No pictures go into the copy. Write out exactly the lines below from the one containing "partner ascobloc" through the one containing "9700 Grand Sandestin".

----

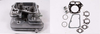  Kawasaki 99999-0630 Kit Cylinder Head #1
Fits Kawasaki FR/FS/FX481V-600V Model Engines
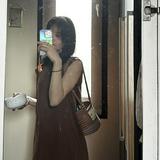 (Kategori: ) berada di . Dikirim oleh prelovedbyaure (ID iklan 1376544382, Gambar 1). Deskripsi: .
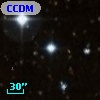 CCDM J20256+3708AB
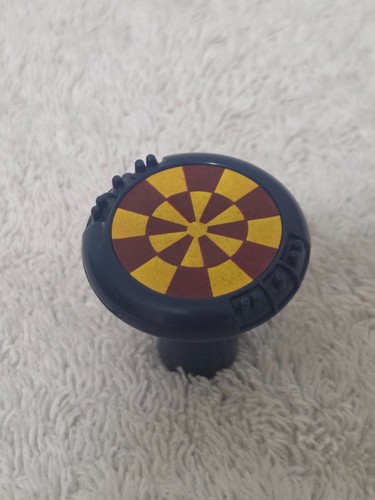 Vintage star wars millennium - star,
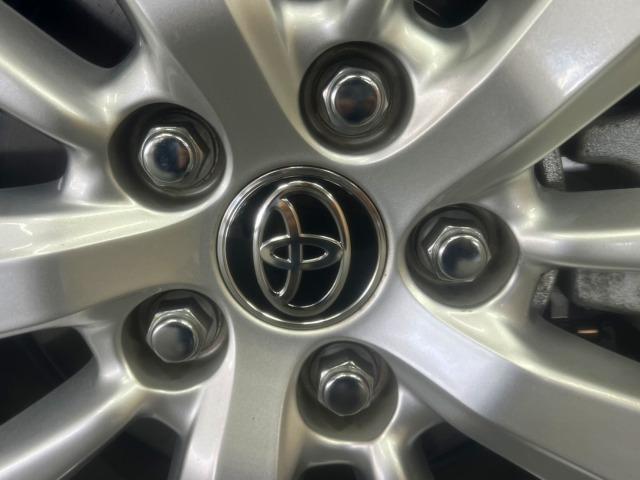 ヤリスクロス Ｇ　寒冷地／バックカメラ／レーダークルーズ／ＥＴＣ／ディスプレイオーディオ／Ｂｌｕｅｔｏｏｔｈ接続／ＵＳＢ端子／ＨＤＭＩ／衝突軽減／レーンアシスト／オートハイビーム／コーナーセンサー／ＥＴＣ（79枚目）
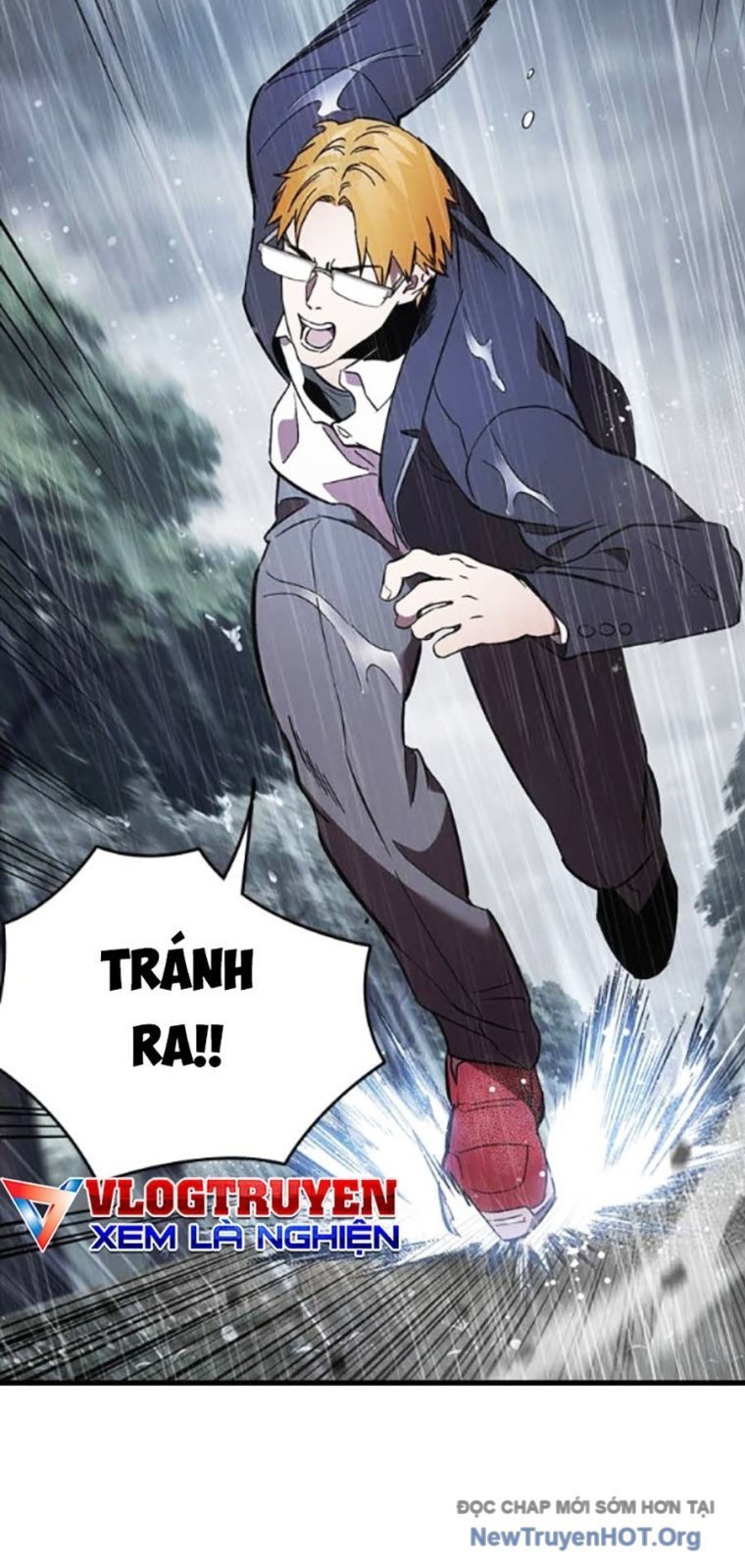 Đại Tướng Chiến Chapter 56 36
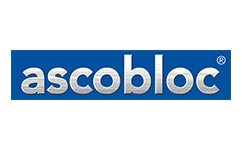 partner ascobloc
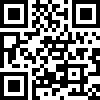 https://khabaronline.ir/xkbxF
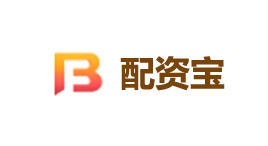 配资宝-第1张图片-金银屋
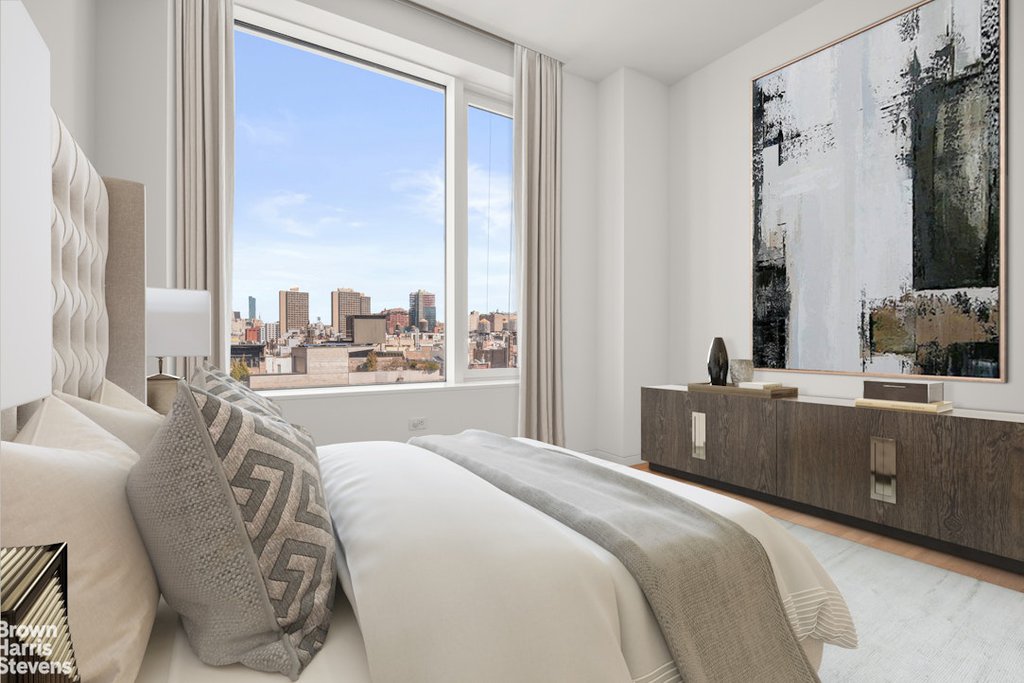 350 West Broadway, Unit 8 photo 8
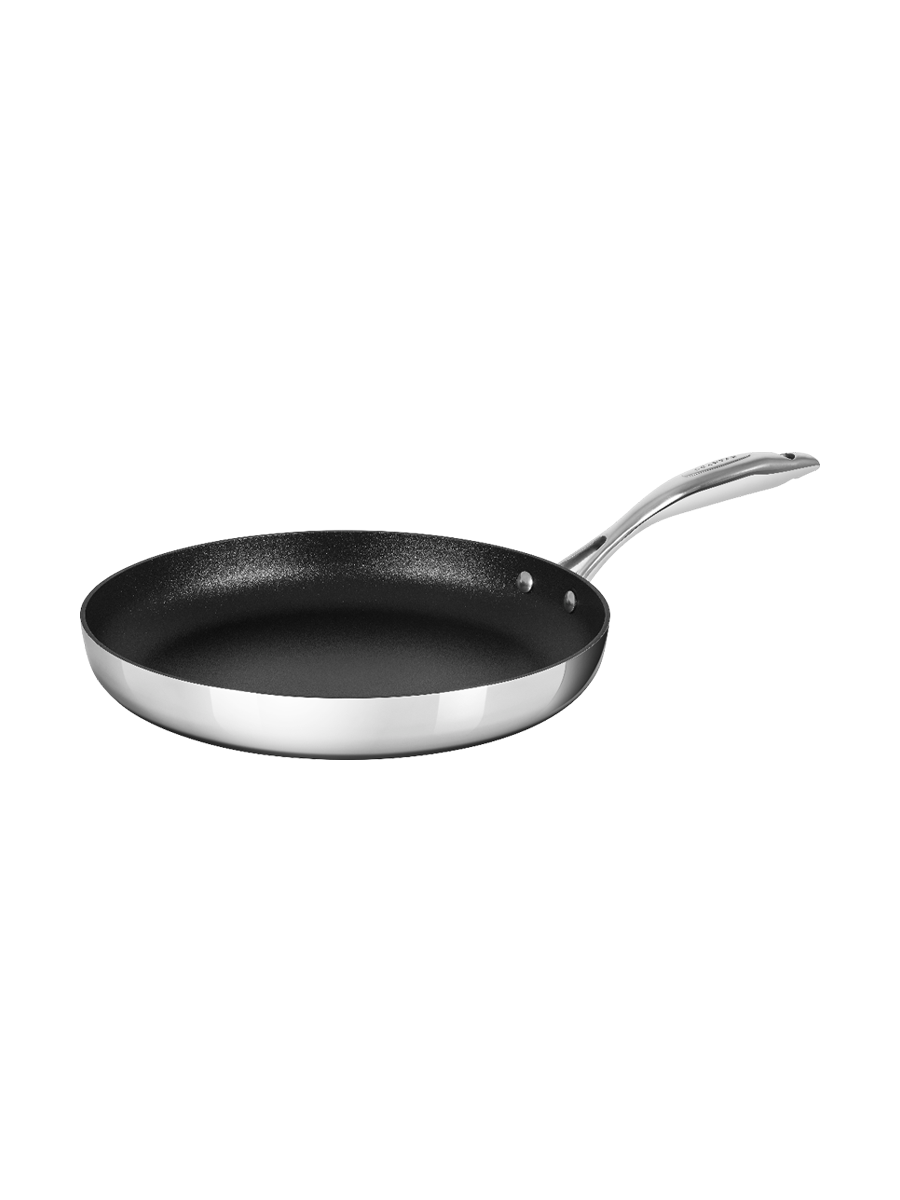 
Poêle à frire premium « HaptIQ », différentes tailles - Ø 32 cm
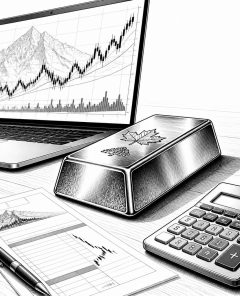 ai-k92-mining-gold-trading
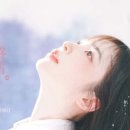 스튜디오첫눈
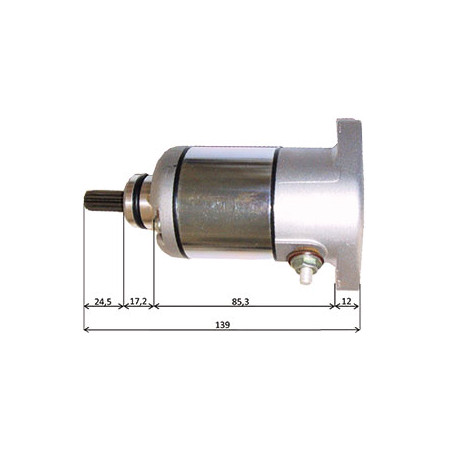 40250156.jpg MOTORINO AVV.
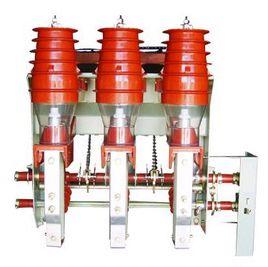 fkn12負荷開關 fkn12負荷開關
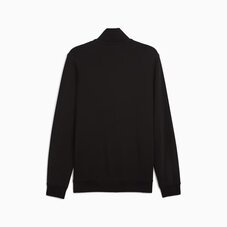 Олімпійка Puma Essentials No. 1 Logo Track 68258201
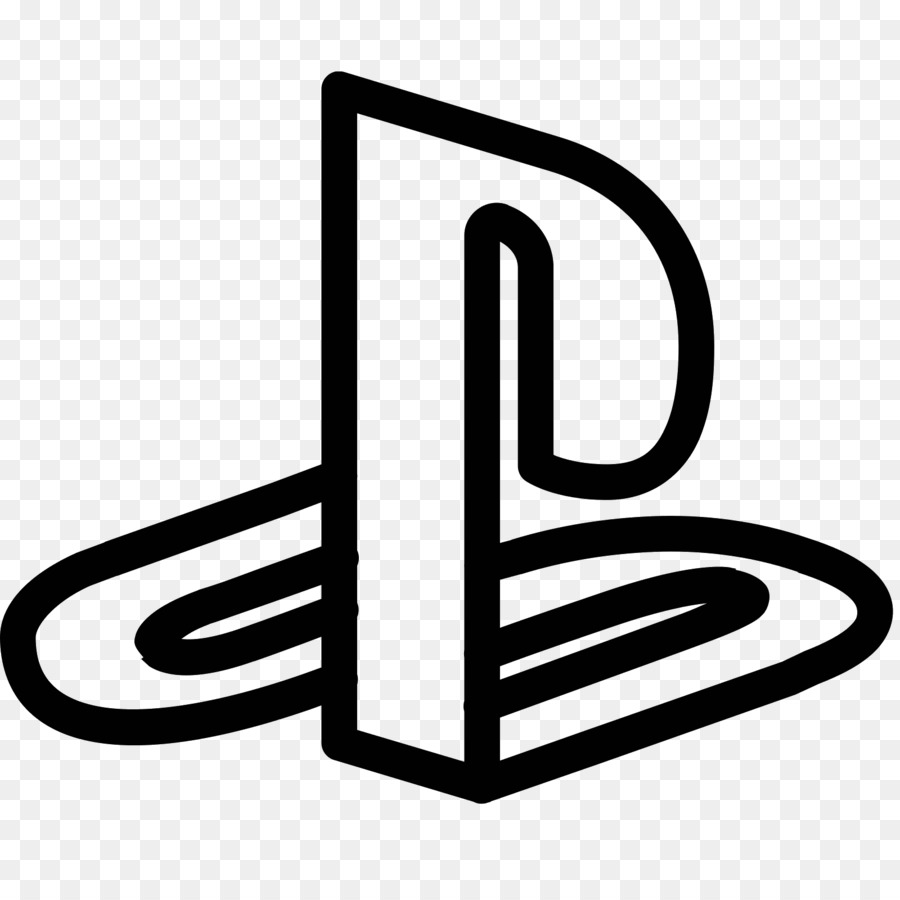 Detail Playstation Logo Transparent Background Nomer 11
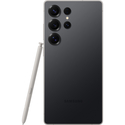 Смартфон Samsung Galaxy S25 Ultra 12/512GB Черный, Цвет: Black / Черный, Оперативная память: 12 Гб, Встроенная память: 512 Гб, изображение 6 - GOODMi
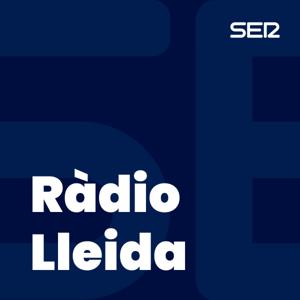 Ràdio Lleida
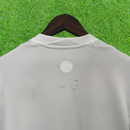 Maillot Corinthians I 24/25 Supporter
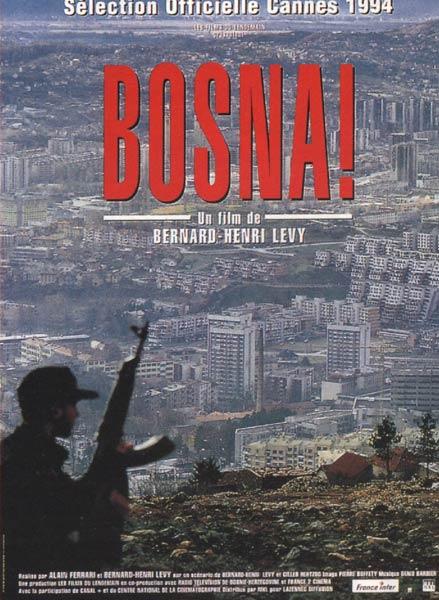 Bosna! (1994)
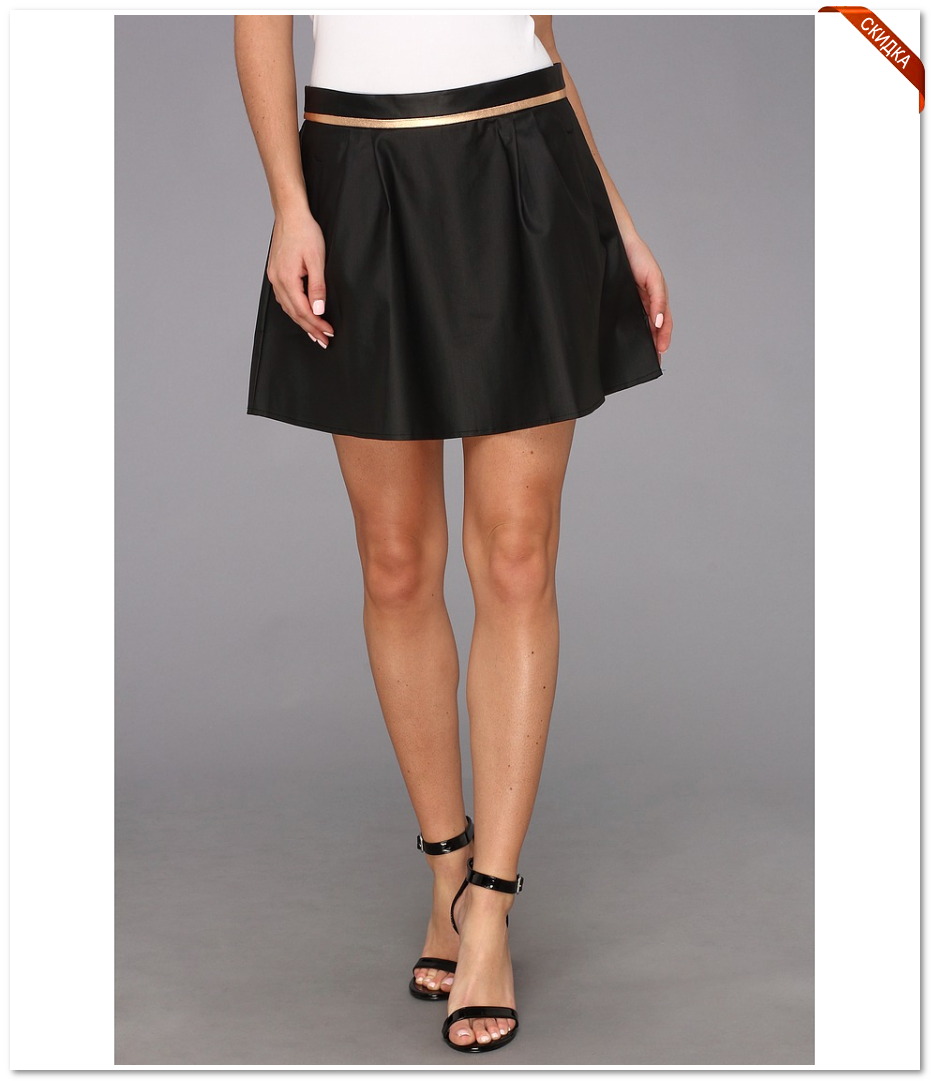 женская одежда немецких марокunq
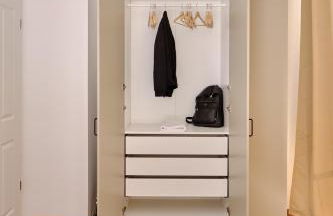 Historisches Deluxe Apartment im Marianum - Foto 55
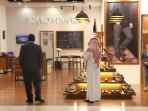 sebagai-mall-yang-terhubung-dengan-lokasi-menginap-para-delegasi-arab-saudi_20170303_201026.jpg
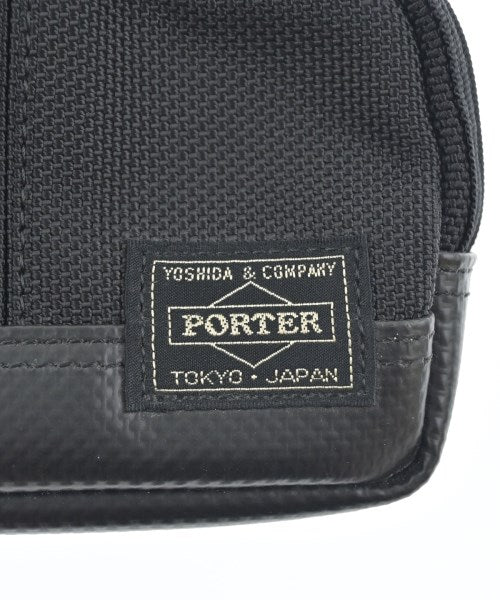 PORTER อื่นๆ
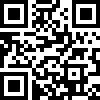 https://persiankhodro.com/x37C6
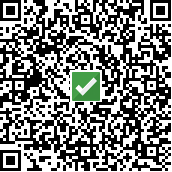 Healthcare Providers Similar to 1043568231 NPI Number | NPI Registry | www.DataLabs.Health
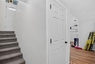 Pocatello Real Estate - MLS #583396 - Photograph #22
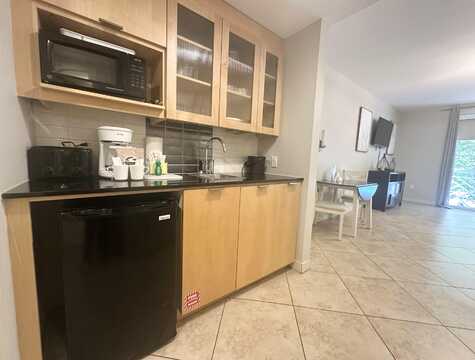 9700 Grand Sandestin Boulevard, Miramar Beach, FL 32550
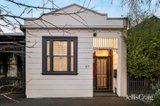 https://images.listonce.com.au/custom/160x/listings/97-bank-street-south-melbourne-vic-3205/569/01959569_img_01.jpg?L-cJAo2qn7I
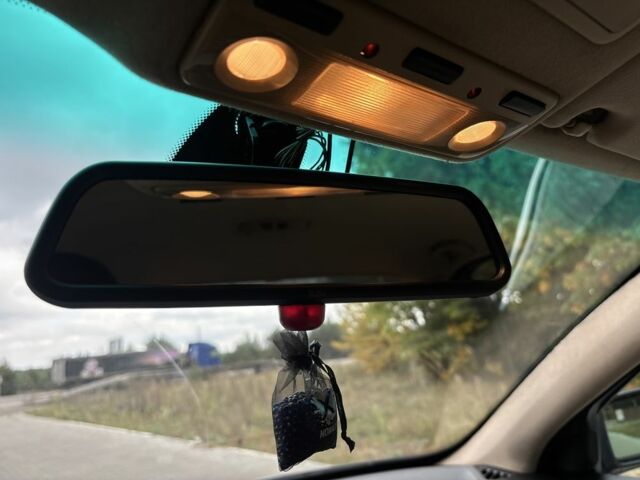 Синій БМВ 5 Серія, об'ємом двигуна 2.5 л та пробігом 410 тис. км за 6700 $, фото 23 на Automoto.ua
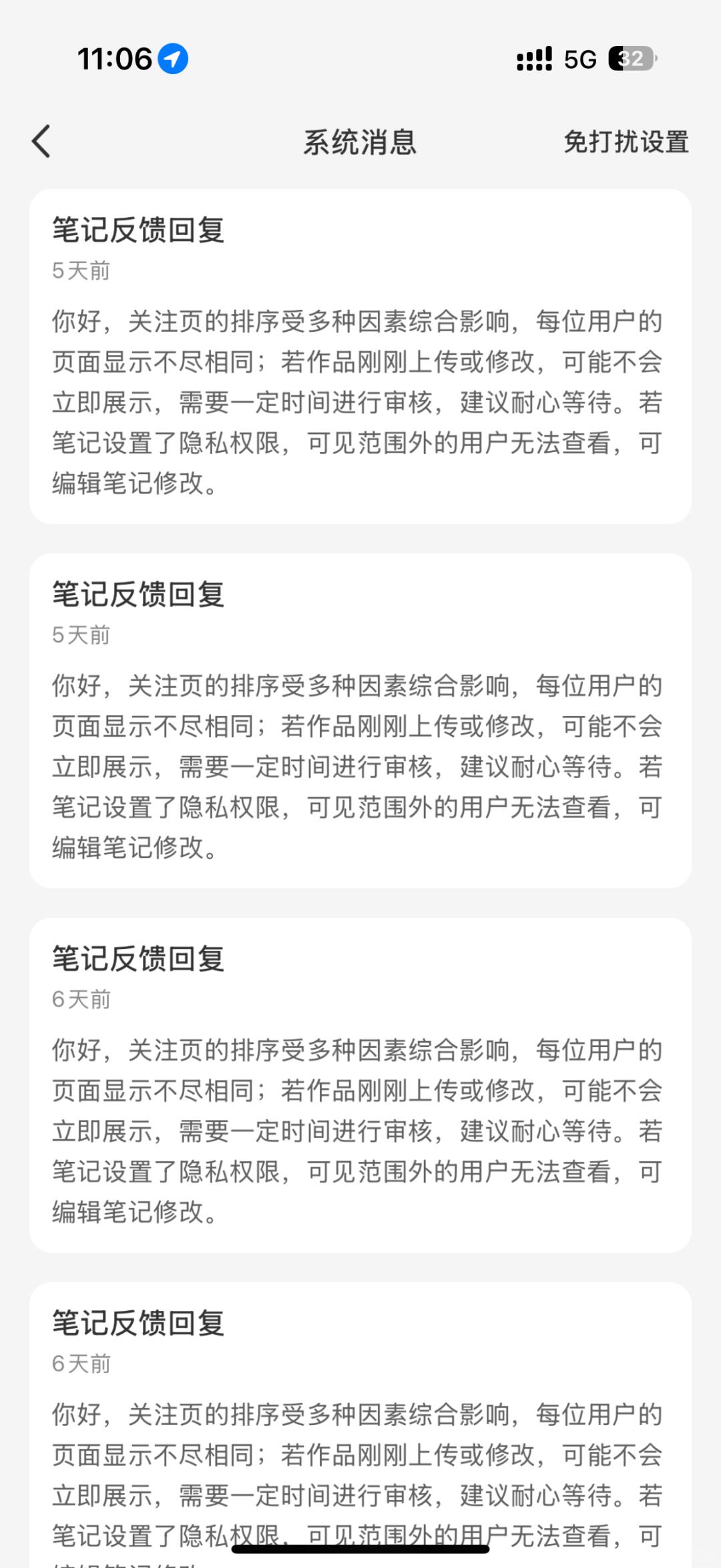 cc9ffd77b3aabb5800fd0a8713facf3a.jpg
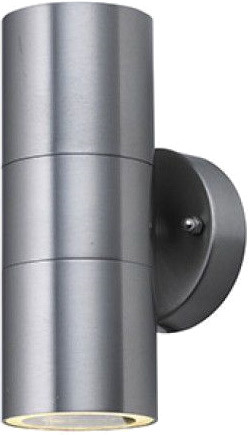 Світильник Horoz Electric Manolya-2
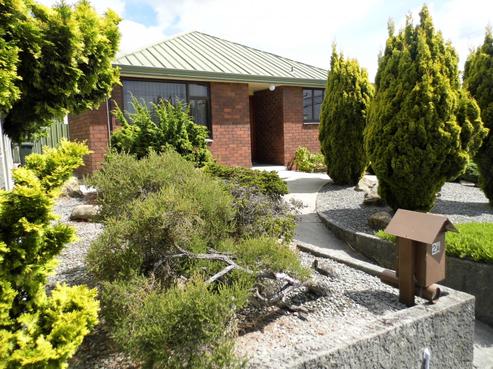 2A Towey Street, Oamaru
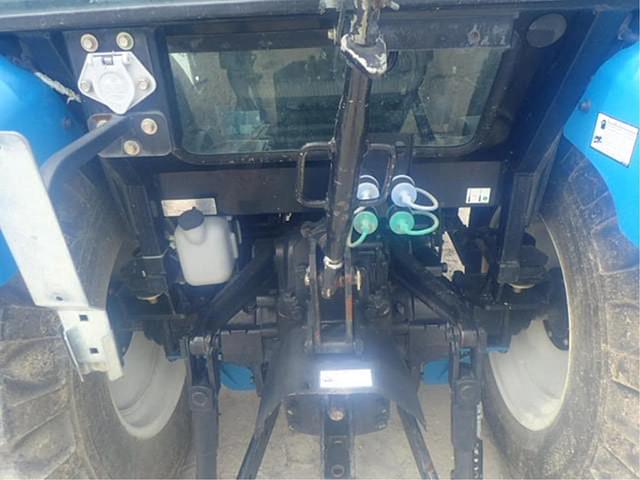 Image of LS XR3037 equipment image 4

----

## [TASK SOLUTION]
 partner ascobloc
 https://khabaronline.ir/xkbxF
 配资宝-第1张图片-金银屋
 350 West Broadway, Unit 8 photo 8
Poêle à frire premium « HaptIQ », différentes tailles - Ø 32 cm
 ai-k92-mining-gold-trading
 스튜디오첫눈
 40250156.jpg MOTORINO AVV.
 fkn12負荷開關 fkn12負荷開關
 Олімпійка Puma Essentials No. 1 Logo Track 68258201
 Detail Playstation Logo Transparent Background Nomer 11
 Смартфон Samsung Galaxy S25 Ultra 12/512GB Черный, Цвет: Black / Черный, Оперативная память: 12 Гб, Встроенная память: 512 Гб, изображение 6 - GOODMi
 Ràdio Lleida
 Maillot Corinthians I 24/25 Supporter
 Bosna! (1994)
 женская одежда немецких марокunq
 Historisches Deluxe Apartment im Marianum - Foto 55
 sebagai-mall-yang-terhubung-dengan-lokasi-menginap-para-delegasi-arab-saudi_20170303_201026.jpg
 PORTER อื่นๆ
 https://persiankhodro.com/x37C6
 Healthcare Providers Similar to 1043568231 NPI Number | NPI Registry | www.DataLabs.Health
 Pocatello Real Estate - MLS #583396 - Photograph #22
 9700 Grand Sandestin Boulevard, Miramar Beach, FL 32550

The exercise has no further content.